Pós-quarentena #2 - Os restaurantes não vivem de foodies




Desenganemo-nos, nós que respiramos comida, vivemos comida, trocamos cromos de comida: somos muitos, debitamos entusiasmadamente muito material publicitário, servimos até de correia de transmissão de agências de comunicação e chefes mediáticos mas não somos suficientes para pagar a totalidade das facturas que a existência dos restaurantes gera.

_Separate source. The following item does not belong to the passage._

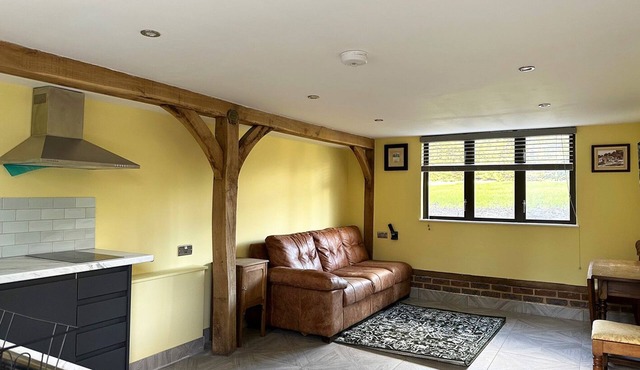 Restful Break Apartment close to Hiking Park & Chislehurst Caves - Badger in Chislehurst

O que é um gourmet? Antigamente (muito antigamente: no século passado, principalmente no regime passado) era alguém, como ouvi Bento dos Santos acertadamente definir,  "com dinheiro suficiente para beber champanhe e comer caviar". Neste século, principalmente nesta década, passou a ser alguém que, por via das redes sociais, procurou publicitar o seu estilo de vida  gastronómico, primeiro através de textos descritivos depois críticos, mais tarde ilustrados, depois apenas por fotogramas, mais fáceis de emitir, também de imitar e muito mais fáceis de serem seguidos.

Um gourmet foi um belíssimo promotor: barato, atraente, contemporâneo, sinalizou os novos tempos e entusiasmou os novos ares nacionais, servindo de estímulo ao interesse dos desinteressados e ajudando a trazer para o meio gentes que anteriormente desdenhavam cozinheiros e cozinhas e da modernidade apenas conheciam as gastas piadas sobre pratos grandes e porções reduzidas. Sem se aperceber do esquema de Ponzi que ajudava a manter, qual Dona Branca benigna e saborosa, o gourmet continuaria o seu papel central nesta pirâmide crescente não fora o malfadado vírus precipitar o que, tarde ou cedo, aconteceria: a insustentabilidade de um sistema que dependia obrigatoriamente do contínuo crescimento do número de clientes para não falir.

Respondam-me com sinceridade: em algum dia do vosso frequente visitar das casas de restauração vos aconteceu pausar um pouco e, entre garfadas, reflectir sobre a conjugação do número de inaugurações mensais, dos preços cada vez mais inflacionados, da sustentabillidade da cidade e do país, das ruas das praças dos passeios dos prédios cheios de gente em alegre cacofonia babélica ? E não acharam que, inevitavelmente, a casa viria abaixo, ainda que, sendo portugueses e bons católicos acreditassem que Deus, a Nossa Senhora de Fátima, o Estado social ou uma monumental vaca iriam atirar isso para depois da vossa vida?

A casa começou há um mês e meio a vir abaixo. Veio à bruta, mas ainda suficientemente leve para nos manter a esperança: vamos poder sair e vamos poder voltar a frequentar - nós, gourmets, os apoiantes da indústria, dos compatriotas e dos produtos e produtores locais - os locais que amamos. Nós, gourmets, claro, exceptuando apenas os que não mantiveram o emprego ou os clientes ou o subsídio do Estado. Vibrantes, vibrando novamente com os sabores, as companhias, o prazer de estar, de sentir, de viver.

O problema é que somos poucos. Muito menos do que o número para o qual a indústria se preparou, esperou, projectou, porque, obviamente, o tempo mudou. Mesmo que temporariamente, o que veio para ficar foi, para além do medo de sair de casa para outros lugares, a extraordinária quebra de fundos que possibilitava a vinda de tanto turista, a visita de tanto curioso, o consumo de tantas bocas.

Como se mantém um negócio, um sector da economia, sem massa crítica para o sustentar?

Existem estratégias que podem aperfeiçoar os resultados - racionalizar despesas (e tão mal se faziam contas!), alterar aproveitamentos, cortar desperdícios - mas estas não passarão de paliativos. Não será possível baixar os já genericamente baixos salários sob pena de se perderem funcionários, não por má vontade mas por incapacidade de pagar rendas, transportes, sobrevivências. Não será possível convencer mais estagiários a trabalharem de graça. Não será possível baixar preços em restaurantes que já têm margens reduzidas.

Mas, fundamentalmente, não será possível pedir aos nacionais para jantarem mais do que uma vez por dia, de modo a multiplicar o número de clientes.

Portanto, senhoras e senhores, nós gourmets (os que mantiveram o salário ou os clientes ou o subsídio) que não somos suficientes para matar a fome dos restaurantes, saberemos ao menos ajudar a resolver a quadratura do circulo vicioso em que o vírus e o entusiasmo empresarial nacional nos meteu?

Mãos à obra que eu estou aqui para ajudar, já que também sou parte interessada (e não só pela gourmandise)!